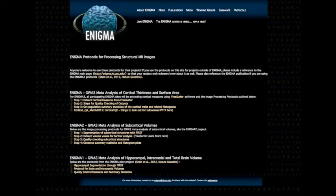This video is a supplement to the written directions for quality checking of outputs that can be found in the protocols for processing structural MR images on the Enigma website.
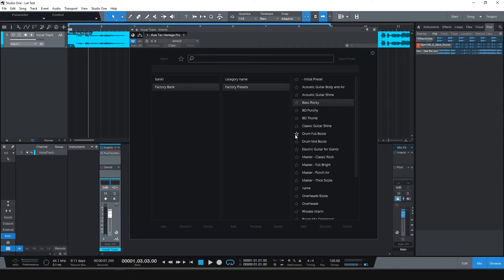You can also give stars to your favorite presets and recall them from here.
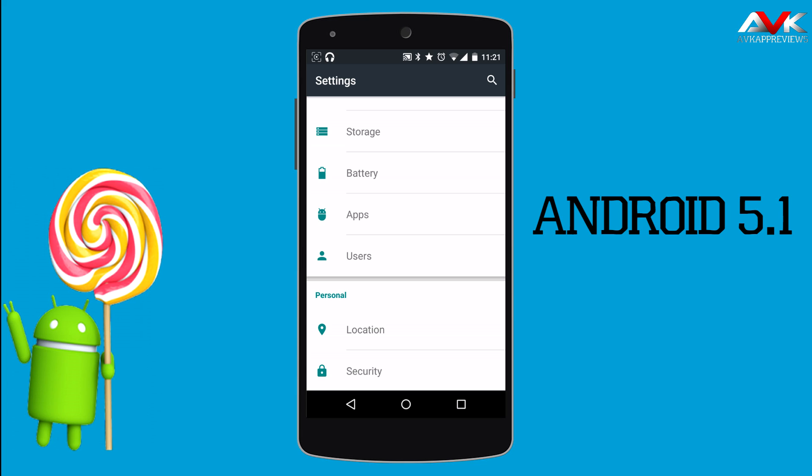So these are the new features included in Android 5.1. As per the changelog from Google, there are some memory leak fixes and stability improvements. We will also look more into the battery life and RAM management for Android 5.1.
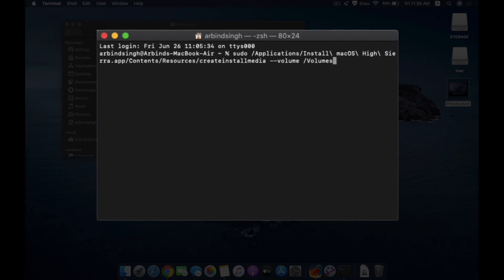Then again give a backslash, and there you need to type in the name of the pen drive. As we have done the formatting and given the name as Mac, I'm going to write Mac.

========

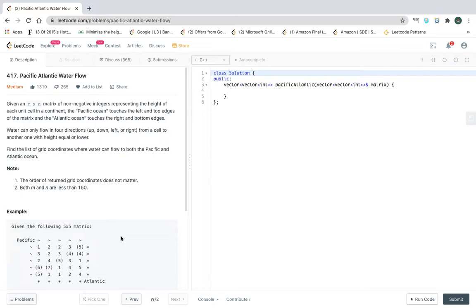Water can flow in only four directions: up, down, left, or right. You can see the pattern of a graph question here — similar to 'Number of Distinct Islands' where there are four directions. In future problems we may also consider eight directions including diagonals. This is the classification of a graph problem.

========

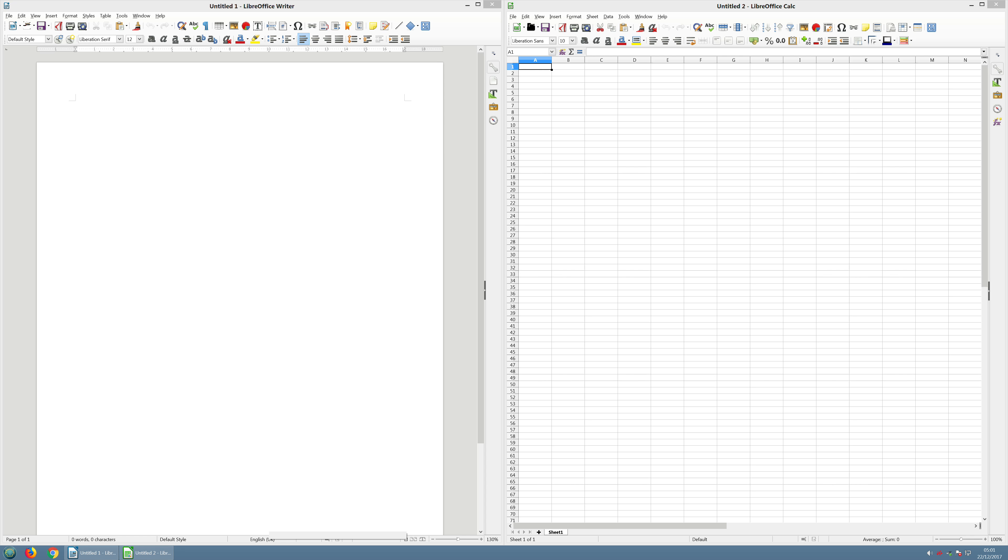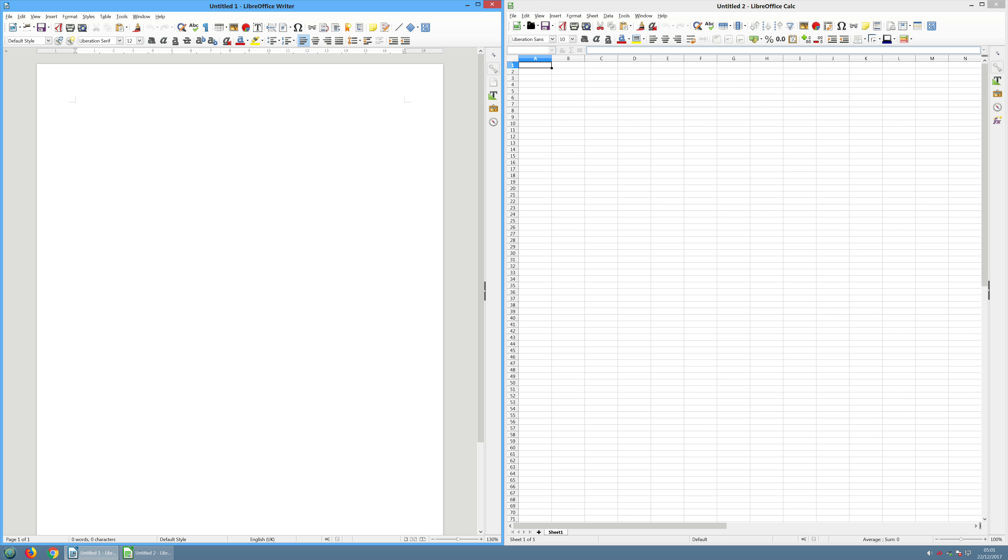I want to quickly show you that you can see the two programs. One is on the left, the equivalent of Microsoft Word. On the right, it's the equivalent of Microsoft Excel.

========

YOUR GOAL: What lines above run from the one with "You can also" to the one with "So these are"? Give them again exactly, ends included, and leave the pictures out.

ANSWER SPACE:
You can also give stars to your favorite presets and recall them from here.
So these are the new features included in Android 5.1. As per the changelog from Google, there are some memory leak fixes and stability improvements. We will also look more into the battery life and RAM management for Android 5.1.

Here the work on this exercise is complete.